Putin foe freed from jail, vows to keep fighting Kremlin

Alexei Navalny released after back to back prison stints for organizing anti-corruption protests, says he will not be intimidated

Russian opposition leader Alexei Navalny, center, leaves a detention center in Moscow on October 14, 2018. (Vasily MAXIMOV/AFP)
Russian opposition leader Alexei Navalny, center, leaves a detention center in Moscow on October 14, 2018. (Vasily MAXIMOV/AFP)

MOSCOW, Russia — Russian opposition leader Alexei Navalny was released from jail Sunday after three weeks behind bars for organizing anti-Kremlin protests, his second spell in detention in as many months.

The 42-year-old activist left a detention center in the south of Moscow in the early hours of the morning and spoke briefly to journalists before leaving in a waiting car.

“Over the 50 days I have been in jail we have seen yet more evidence that this regime is in complete decline,” he said, referencing recent embarrassments to Moscow’s intelligence services abroad and the launch failure of a manned Russian space rocket.

“If anyone thinks that with arrests… they can scare or stop us, that is clearly not the case,” he said after thanking those who supported him.

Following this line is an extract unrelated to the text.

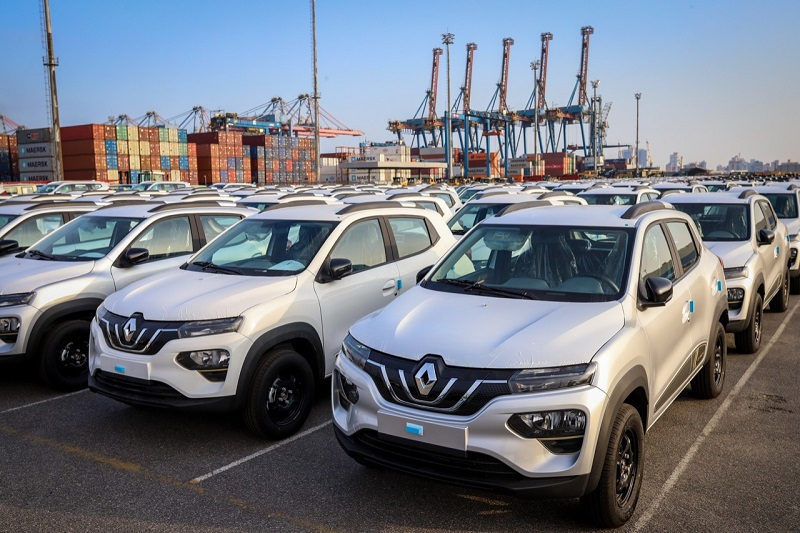 frota de Renault Kwid E-tech em um porto, com containers ao fundo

Authorities have turned up the heat on Vladimir Putin’s top foe since the Russian president’s approval ratings took a beating over deeply unpopular pension reforms.

The Kremlin critic finished a 30-day sentence in September for organizing a rally at the start of the year, but was arrested as soon as he was released to face further charges over another protest.

The latter demonstration, against the raising of the retirement age, was timed to coincide with regional elections last month.

Supporters of opposition leader Alexei Navalny take part in a rally calling for a boycott of March 18 presidential elections, at Pushkinskaya Square in Moscow, January 28, 2018. (AFP PHOTO / Alexander NEMENOV)

The Kremlin suffered rare defeats in those polls, with voters rejecting candidates from the ruling United Russia party in at least two regions.

A run-off in the far eastern Primorsky Krai will be held again in two months after accusations of vote-rigging in favor of the Moscow-backed candidate led to protests.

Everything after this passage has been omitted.